Hi! Glad to hear your training has been successful
spaCy v3 moves away from the idea of a "base model", which could lead to very subtle, unintuitive behaviours, and made it harder to update component selectively (like, keep the tagger and parser, update the existing NER and add a new textcat).
Instead, you can now explicitly choose which components you want to keep from an existing trained pipeline, which components to update from your data, and which components to ignore. This lets you source components from different pipelines and makes it easier to only update some components (all while training from the CLI and a config). You can read more about this here: https://nightly.spacy.io/usage/training#config-components
So in your case, you could create config with two components:
ner component can then define
source = "/your/bert/ner/model" so it's loaded from your existing model. If you add it to
frozen_components, it won't be updated during training – so your data will only be used for the new text classifier.

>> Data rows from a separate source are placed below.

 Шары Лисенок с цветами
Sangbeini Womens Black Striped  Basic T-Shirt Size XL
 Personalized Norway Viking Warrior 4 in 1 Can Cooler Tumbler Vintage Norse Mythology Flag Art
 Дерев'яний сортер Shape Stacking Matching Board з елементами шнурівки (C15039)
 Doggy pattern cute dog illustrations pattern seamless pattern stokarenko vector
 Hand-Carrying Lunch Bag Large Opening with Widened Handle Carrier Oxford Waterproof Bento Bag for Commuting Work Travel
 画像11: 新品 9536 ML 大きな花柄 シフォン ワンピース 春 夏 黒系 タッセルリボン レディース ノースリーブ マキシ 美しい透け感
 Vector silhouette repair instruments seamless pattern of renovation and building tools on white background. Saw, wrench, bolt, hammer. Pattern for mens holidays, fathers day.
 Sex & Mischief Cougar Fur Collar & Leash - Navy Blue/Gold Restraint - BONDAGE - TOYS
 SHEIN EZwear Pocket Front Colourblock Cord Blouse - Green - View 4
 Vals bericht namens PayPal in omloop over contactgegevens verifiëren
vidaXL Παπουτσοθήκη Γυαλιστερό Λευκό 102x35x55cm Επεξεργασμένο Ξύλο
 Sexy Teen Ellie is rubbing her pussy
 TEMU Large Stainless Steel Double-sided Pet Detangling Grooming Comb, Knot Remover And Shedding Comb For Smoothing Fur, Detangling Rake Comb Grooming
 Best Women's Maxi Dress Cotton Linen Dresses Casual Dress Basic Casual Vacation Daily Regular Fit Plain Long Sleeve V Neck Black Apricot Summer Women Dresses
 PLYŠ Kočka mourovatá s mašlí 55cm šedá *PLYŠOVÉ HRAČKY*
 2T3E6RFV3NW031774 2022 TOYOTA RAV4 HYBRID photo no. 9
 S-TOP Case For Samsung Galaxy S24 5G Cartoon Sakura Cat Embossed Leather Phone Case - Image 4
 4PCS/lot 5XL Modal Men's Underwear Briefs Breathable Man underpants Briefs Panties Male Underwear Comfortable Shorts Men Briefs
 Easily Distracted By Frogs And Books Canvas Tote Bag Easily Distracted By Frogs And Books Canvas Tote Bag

Here's an example:
lang = "de"
pipeline = ["ner", "textcat"]
frozen_components = ["ner"]
source = "/your/bert/ner/model"
factory = "textcat"
thank you so much for the fast reply.
I’ll give it a try and let you know how it went.
Happy holidays, and stay safe!
Sorry Ines, forgot to ask:
When I converted my previous train-data to the new spaCy binary format, I received the following warning:
UserWarning: [W027] Found a large training file of nnnnnnn bytes.
Note that it may be more efficient to split your training data into multiple smaller JSON files instead.
If I split the JSON into several files, can I still convert the JSON files into a single spacy format file? If yes, how would I do that?
And if I can't, can I specify more than one train file on the command line?
Or would I use your instructions from your above post and do several consecutive trainings?
In this case, you would have multiple
.spacy files – that's the idea and what the warning suggests you should do And yes, instead of a single
.spacy file, you can also provide the path to a directory of files.